◆ **Records for processing**:

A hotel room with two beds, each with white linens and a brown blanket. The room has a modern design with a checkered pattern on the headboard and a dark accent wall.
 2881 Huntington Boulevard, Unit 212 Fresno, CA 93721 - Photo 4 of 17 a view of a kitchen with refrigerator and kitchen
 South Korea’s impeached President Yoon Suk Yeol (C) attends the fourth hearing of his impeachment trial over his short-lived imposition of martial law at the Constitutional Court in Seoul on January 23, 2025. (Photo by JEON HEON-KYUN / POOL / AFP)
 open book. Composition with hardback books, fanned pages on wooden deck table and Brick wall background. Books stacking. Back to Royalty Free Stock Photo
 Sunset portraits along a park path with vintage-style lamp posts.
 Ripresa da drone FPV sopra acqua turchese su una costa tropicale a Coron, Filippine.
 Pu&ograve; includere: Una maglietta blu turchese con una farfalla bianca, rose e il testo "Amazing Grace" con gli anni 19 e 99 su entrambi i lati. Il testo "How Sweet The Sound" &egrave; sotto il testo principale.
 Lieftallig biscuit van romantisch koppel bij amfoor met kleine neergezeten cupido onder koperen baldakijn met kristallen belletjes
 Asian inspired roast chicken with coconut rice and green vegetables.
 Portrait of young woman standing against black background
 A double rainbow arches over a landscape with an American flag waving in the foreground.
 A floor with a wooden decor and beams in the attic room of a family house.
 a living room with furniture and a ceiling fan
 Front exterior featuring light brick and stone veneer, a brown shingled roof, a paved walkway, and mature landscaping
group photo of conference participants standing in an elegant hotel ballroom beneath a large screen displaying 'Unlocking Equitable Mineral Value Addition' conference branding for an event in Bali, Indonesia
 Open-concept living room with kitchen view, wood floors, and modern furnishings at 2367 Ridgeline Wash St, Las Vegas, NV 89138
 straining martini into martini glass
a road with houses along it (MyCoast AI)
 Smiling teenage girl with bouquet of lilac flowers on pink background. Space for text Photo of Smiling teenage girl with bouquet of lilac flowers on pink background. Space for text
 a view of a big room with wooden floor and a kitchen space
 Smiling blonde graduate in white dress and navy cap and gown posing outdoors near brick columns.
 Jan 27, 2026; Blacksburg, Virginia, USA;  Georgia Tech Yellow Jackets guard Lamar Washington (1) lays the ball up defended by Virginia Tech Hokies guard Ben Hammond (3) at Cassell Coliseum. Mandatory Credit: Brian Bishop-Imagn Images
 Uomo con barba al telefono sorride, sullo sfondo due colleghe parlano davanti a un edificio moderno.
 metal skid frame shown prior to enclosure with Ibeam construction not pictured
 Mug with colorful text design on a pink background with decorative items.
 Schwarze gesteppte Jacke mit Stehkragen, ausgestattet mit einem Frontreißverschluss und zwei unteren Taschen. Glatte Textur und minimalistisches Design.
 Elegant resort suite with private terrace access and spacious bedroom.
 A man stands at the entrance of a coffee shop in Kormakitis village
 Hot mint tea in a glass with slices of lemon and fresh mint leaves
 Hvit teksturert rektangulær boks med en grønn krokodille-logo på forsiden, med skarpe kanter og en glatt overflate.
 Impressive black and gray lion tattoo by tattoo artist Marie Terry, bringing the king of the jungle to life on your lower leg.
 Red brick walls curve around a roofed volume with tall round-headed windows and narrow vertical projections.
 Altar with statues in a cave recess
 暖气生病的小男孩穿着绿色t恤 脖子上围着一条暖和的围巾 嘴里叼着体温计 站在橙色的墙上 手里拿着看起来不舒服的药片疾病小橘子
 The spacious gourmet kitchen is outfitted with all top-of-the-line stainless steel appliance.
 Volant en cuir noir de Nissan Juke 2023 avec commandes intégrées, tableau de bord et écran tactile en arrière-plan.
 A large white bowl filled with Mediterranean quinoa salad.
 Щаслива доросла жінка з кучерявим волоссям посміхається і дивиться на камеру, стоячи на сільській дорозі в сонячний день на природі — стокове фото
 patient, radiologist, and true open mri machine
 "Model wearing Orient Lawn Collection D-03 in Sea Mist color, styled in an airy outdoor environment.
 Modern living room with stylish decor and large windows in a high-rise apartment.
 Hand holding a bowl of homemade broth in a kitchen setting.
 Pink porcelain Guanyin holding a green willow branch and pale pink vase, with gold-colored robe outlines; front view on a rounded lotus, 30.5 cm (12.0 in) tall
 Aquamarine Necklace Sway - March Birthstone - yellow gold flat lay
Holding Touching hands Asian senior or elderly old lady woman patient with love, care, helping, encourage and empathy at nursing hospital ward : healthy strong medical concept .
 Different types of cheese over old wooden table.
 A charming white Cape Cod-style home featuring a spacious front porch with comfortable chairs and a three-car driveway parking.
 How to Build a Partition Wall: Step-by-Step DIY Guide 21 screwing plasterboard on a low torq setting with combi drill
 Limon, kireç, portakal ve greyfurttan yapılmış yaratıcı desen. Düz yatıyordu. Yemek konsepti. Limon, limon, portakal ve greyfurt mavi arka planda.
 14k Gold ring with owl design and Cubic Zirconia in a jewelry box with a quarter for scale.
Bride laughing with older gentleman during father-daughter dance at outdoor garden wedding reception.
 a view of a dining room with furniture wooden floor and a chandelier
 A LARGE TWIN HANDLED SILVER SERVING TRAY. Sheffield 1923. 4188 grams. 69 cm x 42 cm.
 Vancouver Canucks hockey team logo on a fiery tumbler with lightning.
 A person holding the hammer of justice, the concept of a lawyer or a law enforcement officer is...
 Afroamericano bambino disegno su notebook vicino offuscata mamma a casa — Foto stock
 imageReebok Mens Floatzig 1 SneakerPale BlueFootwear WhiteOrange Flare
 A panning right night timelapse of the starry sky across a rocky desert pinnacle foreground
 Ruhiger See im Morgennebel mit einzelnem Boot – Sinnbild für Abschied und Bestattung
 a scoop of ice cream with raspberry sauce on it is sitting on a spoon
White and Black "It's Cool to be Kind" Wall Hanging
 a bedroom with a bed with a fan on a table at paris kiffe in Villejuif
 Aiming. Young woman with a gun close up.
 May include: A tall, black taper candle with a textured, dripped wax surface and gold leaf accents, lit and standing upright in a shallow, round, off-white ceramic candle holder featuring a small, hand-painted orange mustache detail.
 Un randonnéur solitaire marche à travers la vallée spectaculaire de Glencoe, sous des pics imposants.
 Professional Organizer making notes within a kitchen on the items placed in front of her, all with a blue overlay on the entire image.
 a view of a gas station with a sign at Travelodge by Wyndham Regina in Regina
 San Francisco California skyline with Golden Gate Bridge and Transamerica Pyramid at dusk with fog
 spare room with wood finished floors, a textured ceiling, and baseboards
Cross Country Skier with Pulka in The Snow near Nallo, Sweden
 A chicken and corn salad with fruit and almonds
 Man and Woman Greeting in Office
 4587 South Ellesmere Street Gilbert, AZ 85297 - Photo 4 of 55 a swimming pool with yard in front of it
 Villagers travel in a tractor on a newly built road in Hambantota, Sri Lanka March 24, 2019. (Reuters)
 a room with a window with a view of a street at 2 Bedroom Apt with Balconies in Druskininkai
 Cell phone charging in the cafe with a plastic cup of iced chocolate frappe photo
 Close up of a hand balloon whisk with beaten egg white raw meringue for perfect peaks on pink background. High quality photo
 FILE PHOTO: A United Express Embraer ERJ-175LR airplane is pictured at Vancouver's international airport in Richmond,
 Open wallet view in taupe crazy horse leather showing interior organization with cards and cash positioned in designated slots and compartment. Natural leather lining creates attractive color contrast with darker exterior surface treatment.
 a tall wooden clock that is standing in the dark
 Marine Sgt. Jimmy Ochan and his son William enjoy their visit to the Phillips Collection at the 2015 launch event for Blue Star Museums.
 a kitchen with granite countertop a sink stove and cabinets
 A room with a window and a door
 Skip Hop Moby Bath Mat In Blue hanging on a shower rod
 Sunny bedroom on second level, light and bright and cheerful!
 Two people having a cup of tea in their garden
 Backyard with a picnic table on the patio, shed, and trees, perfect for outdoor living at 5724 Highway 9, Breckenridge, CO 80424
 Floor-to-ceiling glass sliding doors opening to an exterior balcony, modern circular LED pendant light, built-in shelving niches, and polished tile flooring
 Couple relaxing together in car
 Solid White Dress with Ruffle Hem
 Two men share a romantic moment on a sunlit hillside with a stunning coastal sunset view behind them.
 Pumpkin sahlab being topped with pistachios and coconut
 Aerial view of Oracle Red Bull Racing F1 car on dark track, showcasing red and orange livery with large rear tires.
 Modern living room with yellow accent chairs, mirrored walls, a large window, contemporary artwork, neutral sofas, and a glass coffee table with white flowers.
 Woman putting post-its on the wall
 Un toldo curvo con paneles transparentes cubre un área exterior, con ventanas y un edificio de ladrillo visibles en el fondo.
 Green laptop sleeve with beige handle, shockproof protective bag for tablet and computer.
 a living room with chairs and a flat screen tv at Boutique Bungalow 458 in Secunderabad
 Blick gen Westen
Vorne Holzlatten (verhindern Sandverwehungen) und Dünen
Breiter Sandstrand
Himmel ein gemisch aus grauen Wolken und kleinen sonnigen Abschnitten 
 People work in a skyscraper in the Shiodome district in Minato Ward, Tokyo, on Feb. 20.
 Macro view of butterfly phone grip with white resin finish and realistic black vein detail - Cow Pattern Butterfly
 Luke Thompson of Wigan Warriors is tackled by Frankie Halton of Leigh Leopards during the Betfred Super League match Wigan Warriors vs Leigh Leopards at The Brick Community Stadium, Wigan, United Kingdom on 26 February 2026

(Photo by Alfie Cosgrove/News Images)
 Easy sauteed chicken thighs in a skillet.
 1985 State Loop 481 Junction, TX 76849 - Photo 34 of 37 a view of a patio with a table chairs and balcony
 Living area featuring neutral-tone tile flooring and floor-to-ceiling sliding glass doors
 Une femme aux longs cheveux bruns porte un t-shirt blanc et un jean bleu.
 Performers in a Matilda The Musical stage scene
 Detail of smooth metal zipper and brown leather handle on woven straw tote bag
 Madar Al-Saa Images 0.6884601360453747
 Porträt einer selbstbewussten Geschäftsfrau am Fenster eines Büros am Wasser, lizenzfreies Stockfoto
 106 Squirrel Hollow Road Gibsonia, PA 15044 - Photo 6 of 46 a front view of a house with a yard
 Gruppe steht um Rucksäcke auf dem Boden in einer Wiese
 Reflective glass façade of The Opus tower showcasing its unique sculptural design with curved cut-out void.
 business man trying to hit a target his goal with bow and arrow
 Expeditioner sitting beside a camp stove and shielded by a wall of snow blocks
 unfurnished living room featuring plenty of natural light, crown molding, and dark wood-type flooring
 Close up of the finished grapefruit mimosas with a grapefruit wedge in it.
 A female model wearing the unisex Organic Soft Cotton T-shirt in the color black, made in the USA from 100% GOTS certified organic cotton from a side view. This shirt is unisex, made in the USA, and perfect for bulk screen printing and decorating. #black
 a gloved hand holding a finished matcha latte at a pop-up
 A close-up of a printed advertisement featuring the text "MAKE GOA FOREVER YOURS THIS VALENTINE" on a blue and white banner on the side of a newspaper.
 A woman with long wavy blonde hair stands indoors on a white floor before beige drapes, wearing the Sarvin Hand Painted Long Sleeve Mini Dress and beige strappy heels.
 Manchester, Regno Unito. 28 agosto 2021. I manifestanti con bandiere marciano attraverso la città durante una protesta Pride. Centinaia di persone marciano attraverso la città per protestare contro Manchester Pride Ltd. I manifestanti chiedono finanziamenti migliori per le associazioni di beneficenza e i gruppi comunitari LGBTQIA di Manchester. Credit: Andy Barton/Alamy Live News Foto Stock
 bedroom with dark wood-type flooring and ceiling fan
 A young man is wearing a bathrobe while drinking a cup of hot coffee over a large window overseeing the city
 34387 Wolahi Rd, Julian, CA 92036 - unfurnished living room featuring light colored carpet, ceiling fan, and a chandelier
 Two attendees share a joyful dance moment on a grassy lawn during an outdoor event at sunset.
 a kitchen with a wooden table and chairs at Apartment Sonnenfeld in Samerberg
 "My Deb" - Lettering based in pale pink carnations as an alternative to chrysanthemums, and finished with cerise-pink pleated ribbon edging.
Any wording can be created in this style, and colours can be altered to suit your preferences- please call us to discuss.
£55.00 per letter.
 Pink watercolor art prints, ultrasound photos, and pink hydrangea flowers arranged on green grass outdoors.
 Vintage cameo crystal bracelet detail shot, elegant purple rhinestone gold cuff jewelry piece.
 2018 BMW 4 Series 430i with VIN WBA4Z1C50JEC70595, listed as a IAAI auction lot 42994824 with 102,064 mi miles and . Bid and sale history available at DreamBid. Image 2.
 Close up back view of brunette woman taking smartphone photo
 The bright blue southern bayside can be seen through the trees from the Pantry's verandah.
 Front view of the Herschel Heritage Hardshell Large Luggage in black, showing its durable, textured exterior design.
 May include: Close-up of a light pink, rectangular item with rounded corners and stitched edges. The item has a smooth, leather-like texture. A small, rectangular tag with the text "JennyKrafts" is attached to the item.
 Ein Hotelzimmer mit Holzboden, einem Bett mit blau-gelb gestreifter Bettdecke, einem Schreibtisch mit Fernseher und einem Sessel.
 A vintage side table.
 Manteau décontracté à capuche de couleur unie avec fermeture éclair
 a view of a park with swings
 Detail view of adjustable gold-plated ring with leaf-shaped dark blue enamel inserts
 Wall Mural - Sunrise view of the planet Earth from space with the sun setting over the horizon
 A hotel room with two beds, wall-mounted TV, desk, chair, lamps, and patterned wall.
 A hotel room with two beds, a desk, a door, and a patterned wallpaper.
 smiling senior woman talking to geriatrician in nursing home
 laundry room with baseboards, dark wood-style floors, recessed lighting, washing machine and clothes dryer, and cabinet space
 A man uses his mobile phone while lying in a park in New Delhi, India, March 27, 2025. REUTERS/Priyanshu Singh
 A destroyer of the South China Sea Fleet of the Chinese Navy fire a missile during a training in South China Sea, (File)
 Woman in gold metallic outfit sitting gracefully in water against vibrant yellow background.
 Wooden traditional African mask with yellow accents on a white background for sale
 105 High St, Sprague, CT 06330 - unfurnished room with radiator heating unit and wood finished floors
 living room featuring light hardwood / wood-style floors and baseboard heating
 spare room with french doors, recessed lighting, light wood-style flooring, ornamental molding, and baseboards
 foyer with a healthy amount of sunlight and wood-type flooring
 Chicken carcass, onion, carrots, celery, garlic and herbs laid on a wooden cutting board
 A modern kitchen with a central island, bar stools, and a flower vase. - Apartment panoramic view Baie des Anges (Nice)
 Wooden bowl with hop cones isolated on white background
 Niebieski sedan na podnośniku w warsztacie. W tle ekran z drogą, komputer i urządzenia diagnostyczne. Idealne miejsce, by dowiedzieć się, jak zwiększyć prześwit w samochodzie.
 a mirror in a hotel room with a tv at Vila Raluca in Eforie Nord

◆ **Exercise instructions**: Using only the listing above, restate exactly the lines from the line containing "Two attendees share" through the line containing "Close up back", both included.

◆ **Expected answer**:
 Two attendees share a joyful dance moment on a grassy lawn during an outdoor event at sunset.
 a kitchen with a wooden table and chairs at Apartment Sonnenfeld in Samerberg
 "My Deb" - Lettering based in pale pink carnations as an alternative to chrysanthemums, and finished with cerise-pink pleated ribbon edging.
Any wording can be created in this style, and colours can be altered to suit your preferences- please call us to discuss.
£55.00 per letter.
 Pink watercolor art prints, ultrasound photos, and pink hydrangea flowers arranged on green grass outdoors.
 Vintage cameo crystal bracelet detail shot, elegant purple rhinestone gold cuff jewelry piece.
 2018 BMW 4 Series 430i with VIN WBA4Z1C50JEC70595, listed as a IAAI auction lot 42994824 with 102,064 mi miles and . Bid and sale history available at DreamBid. Image 2.
 Close up back view of brunette woman taking smartphone photo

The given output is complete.